Hurwitz, while he was still riding high on Drexel’s runaway junk bond train, developed several business ventures with the mob-linked S&L bigwig from Louisiana, Herman Beebe.62 As mentioned in the previous chapter, Beebe had, during the 1970s, owned a warehouse where explosives destined for Cuban exiles were stored – explosives that were meant to be moved by Barry Seal, prior to a Customs sting.

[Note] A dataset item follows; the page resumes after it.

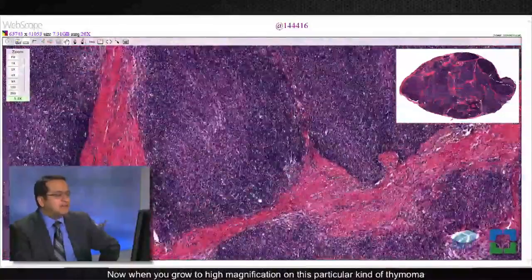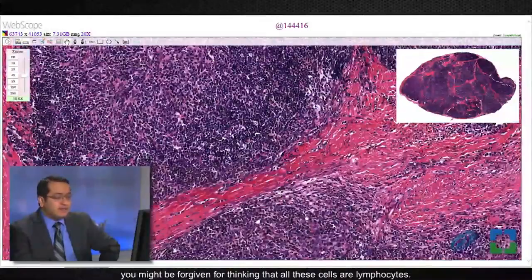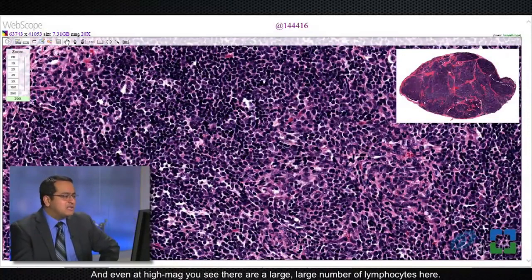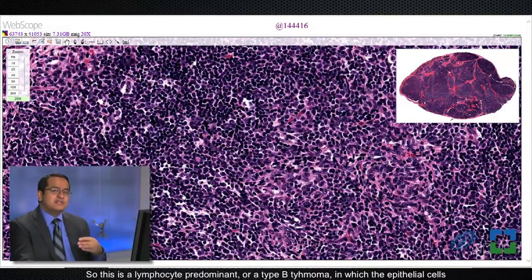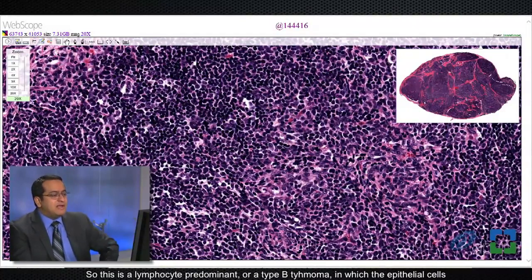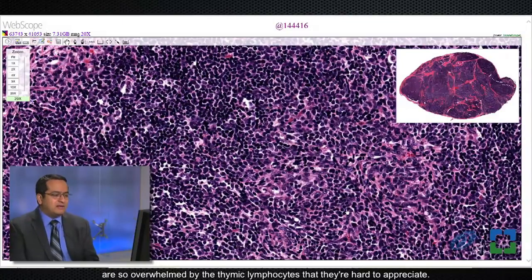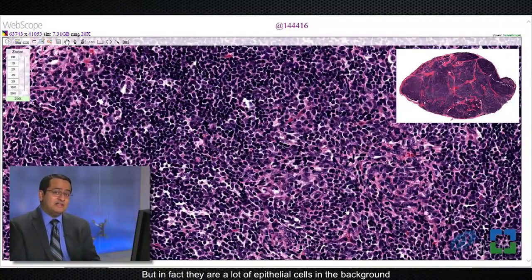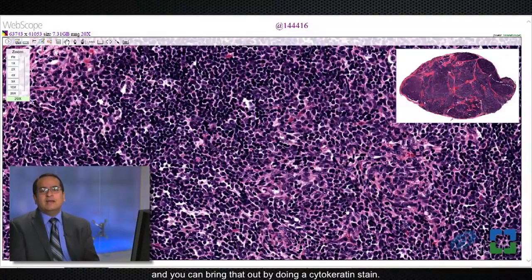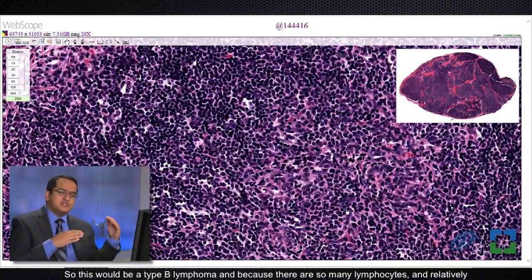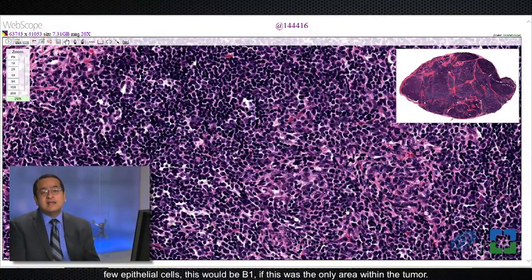At high magnification on this particular thymoma, you might be forgiven for thinking that all these cells are lymphocytes, because it certainly looks that way at low magnification and even at high mag you see a large number of lymphocytes. This is a lymphocyte-predominant or type B thymoma, in which the epithelial cells are so overwhelmed by the thymic lymphocytes that they are hard to appreciate. In fact there are a lot of epithelial cells in the background, and you can bring those out by doing a cytokeratin stain — AE1/AE3 or any cytokeratin stain will bring out the background epithelial cells. With so many lymphocytes and relatively few epithelial cells, this would be classified as B1 thymoma.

Herman Beebe had a tendency to appear at the same S&Ls where Mario Renda could also be found. Renda, as noted in the previous chapter, was Adnan Khashoggi’s friend with a penchant for seeding fraudulent borrowing with Teamster pension fund deposits. A list of banks controlled or suspected of being controlled by Beebe from a 1985 Comptroller of the Currency report included Mainland Savings of Houston. This is the same S&L where Renda had brokered deposits and where Khashoggi had involved himself in an aforementioned series of bewildering deals. Were Renda and Beebe operating in concert?
A smoking gun is hard to discern, but the two both hung out – and arranged deals – at the La Costa resort in Southern California. La Costa, as noted in chapter 1, had long been a mob hang-out; it had been built with the aid of Teamster pension fund loans, and Burton Kanter was listed as the resort’s agent at the time it was incorporated.
Beebe had other potential ties to Iran-Contra. The same Comptroller of the Currency report that named Beebe-linked banks also listed Palmer National Bank in Washington DC.63 If Beebe did control Palmer, it was hidden. The bank’s founder was Stefan Halper, a DC bureaucrat who had held various positions within the Nixon, Ford, and Reagan administrations. Halper’s father-in-law was Ray Cline, the old OSS and CIA veteran who, at the time, was working with John Singlaub of GeoMiliTech.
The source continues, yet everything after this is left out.